= Work task =
Down to the last character, repeat the data that follows.

= Records =
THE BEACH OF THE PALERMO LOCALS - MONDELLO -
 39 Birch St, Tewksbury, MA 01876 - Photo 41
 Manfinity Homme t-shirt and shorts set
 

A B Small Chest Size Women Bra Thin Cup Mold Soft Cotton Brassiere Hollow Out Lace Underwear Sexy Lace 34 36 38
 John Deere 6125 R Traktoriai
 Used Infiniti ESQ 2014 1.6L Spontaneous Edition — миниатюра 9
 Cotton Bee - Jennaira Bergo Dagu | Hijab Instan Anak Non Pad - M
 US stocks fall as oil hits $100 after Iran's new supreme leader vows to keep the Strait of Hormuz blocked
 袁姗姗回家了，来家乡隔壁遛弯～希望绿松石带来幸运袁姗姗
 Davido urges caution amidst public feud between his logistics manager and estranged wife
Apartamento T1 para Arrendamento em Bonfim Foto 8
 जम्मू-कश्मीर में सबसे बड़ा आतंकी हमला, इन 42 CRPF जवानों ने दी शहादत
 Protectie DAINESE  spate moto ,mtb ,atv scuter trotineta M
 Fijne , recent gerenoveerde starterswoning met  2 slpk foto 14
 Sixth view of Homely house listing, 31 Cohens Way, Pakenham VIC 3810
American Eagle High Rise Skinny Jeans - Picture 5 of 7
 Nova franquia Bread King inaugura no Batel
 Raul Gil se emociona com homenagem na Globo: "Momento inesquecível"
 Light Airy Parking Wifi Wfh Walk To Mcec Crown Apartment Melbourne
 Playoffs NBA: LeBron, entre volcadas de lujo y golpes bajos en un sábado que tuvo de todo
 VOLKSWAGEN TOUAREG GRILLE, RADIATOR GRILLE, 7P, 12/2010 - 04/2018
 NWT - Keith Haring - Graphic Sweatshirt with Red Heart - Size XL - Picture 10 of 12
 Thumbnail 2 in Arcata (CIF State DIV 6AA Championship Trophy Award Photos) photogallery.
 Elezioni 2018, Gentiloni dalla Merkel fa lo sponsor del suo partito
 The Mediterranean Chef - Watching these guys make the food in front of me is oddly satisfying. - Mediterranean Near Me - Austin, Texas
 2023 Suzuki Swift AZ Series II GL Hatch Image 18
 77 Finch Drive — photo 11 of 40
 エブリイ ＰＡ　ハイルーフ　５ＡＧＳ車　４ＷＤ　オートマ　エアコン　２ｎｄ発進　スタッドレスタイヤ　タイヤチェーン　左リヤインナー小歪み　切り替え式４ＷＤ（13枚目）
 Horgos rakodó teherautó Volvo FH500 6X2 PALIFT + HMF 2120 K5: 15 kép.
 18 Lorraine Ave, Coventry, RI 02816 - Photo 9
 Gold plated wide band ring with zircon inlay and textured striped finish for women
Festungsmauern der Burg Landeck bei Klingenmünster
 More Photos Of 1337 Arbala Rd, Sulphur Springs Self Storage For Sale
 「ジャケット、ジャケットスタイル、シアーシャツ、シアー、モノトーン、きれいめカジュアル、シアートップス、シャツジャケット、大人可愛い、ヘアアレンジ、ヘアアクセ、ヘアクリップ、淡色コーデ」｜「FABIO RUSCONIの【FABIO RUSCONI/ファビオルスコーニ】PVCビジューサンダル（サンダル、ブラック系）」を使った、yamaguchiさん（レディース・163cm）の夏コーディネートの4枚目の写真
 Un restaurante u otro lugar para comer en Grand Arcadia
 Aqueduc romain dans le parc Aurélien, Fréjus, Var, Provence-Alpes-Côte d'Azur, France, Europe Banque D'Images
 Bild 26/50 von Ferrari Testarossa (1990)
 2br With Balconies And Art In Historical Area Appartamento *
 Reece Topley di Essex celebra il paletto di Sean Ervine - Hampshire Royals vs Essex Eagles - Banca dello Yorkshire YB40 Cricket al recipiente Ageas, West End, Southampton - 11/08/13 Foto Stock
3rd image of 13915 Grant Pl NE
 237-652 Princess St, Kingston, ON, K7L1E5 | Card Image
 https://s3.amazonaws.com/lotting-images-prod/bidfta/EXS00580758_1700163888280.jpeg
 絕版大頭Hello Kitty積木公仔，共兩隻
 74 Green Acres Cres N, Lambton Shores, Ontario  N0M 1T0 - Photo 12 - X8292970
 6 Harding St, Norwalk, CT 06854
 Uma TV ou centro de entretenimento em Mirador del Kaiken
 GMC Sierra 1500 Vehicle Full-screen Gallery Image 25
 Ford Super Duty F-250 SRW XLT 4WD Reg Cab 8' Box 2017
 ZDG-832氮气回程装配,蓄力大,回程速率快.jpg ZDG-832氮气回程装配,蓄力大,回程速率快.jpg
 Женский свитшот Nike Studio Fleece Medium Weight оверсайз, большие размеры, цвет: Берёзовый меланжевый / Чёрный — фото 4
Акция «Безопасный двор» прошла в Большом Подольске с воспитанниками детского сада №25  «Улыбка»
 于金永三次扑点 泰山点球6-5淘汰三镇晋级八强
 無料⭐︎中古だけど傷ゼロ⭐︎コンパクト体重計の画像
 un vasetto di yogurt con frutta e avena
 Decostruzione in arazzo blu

= Result of the exercise =
THE BEACH OF THE PALERMO LOCALS - MONDELLO -
 39 Birch St, Tewksbury, MA 01876 - Photo 41
 Manfinity Homme t-shirt and shorts set
 

A B Small Chest Size Women Bra Thin Cup Mold Soft Cotton Brassiere Hollow Out Lace Underwear Sexy Lace 34 36 38
 John Deere 6125 R Traktoriai
 Used Infiniti ESQ 2014 1.6L Spontaneous Edition — миниатюра 9
 Cotton Bee - Jennaira Bergo Dagu | Hijab Instan Anak Non Pad - M
 US stocks fall as oil hits $100 after Iran's new supreme leader vows to keep the Strait of Hormuz blocked
 袁姗姗回家了，来家乡隔壁遛弯～希望绿松石带来幸运袁姗姗
 Davido urges caution amidst public feud between his logistics manager and estranged wife
Apartamento T1 para Arrendamento em Bonfim Foto 8
 जम्मू-कश्मीर में सबसे बड़ा आतंकी हमला, इन 42 CRPF जवानों ने दी शहादत
 Protectie DAINESE  spate moto ,mtb ,atv scuter trotineta M
 Fijne , recent gerenoveerde starterswoning met  2 slpk foto 14
 Sixth view of Homely house listing, 31 Cohens Way, Pakenham VIC 3810
American Eagle High Rise Skinny Jeans - Picture 5 of 7
 Nova franquia Bread King inaugura no Batel
 Raul Gil se emociona com homenagem na Globo: "Momento inesquecível"
 Light Airy Parking Wifi Wfh Walk To Mcec Crown Apartment Melbourne
 Playoffs NBA: LeBron, entre volcadas de lujo y golpes bajos en un sábado que tuvo de todo
 VOLKSWAGEN TOUAREG GRILLE, RADIATOR GRILLE, 7P, 12/2010 - 04/2018
 NWT - Keith Haring - Graphic Sweatshirt with Red Heart - Size XL - Picture 10 of 12
 Thumbnail 2 in Arcata (CIF State DIV 6AA Championship Trophy Award Photos) photogallery.
 Elezioni 2018, Gentiloni dalla Merkel fa lo sponsor del suo partito
 The Mediterranean Chef - Watching these guys make the food in front of me is oddly satisfying. - Mediterranean Near Me - Austin, Texas
 2023 Suzuki Swift AZ Series II GL Hatch Image 18
 77 Finch Drive — photo 11 of 40
 エブリイ ＰＡ　ハイルーフ　５ＡＧＳ車　４ＷＤ　オートマ　エアコン　２ｎｄ発進　スタッドレスタイヤ　タイヤチェーン　左リヤインナー小歪み　切り替え式４ＷＤ（13枚目）
 Horgos rakodó teherautó Volvo FH500 6X2 PALIFT + HMF 2120 K5: 15 kép.
 18 Lorraine Ave, Coventry, RI 02816 - Photo 9
 Gold plated wide band ring with zircon inlay and textured striped finish for women
Festungsmauern der Burg Landeck bei Klingenmünster
 More Photos Of 1337 Arbala Rd, Sulphur Springs Self Storage For Sale
 「ジャケット、ジャケットスタイル、シアーシャツ、シアー、モノトーン、きれいめカジュアル、シアートップス、シャツジャケット、大人可愛い、ヘアアレンジ、ヘアアクセ、ヘアクリップ、淡色コーデ」｜「FABIO RUSCONIの【FABIO RUSCONI/ファビオルスコーニ】PVCビジューサンダル（サンダル、ブラック系）」を使った、yamaguchiさん（レディース・163cm）の夏コーディネートの4枚目の写真
 Un restaurante u otro lugar para comer en Grand Arcadia
 Aqueduc romain dans le parc Aurélien, Fréjus, Var, Provence-Alpes-Côte d'Azur, France, Europe Banque D'Images
 Bild 26/50 von Ferrari Testarossa (1990)
 2br With Balconies And Art In Historical Area Appartamento *
 Reece Topley di Essex celebra il paletto di Sean Ervine - Hampshire Royals vs Essex Eagles - Banca dello Yorkshire YB40 Cricket al recipiente Ageas, West End, Southampton - 11/08/13 Foto Stock
3rd image of 13915 Grant Pl NE
 237-652 Princess St, Kingston, ON, K7L1E5 | Card Image
 https://s3.amazonaws.com/lotting-images-prod/bidfta/EXS00580758_1700163888280.jpeg
 絕版大頭Hello Kitty積木公仔，共兩隻
 74 Green Acres Cres N, Lambton Shores, Ontario  N0M 1T0 - Photo 12 - X8292970
 6 Harding St, Norwalk, CT 06854
 Uma TV ou centro de entretenimento em Mirador del Kaiken
 GMC Sierra 1500 Vehicle Full-screen Gallery Image 25
 Ford Super Duty F-250 SRW XLT 4WD Reg Cab 8' Box 2017
 ZDG-832氮气回程装配,蓄力大,回程速率快.jpg ZDG-832氮气回程装配,蓄力大,回程速率快.jpg
 Женский свитшот Nike Studio Fleece Medium Weight оверсайз, большие размеры, цвет: Берёзовый меланжевый / Чёрный — фото 4
Акция «Безопасный двор» прошла в Большом Подольске с воспитанниками детского сада №25  «Улыбка»
 于金永三次扑点 泰山点球6-5淘汰三镇晋级八强
 無料⭐︎中古だけど傷ゼロ⭐︎コンパクト体重計の画像
 un vasetto di yogurt con frutta e avena
 Decostruzione in arazzo blu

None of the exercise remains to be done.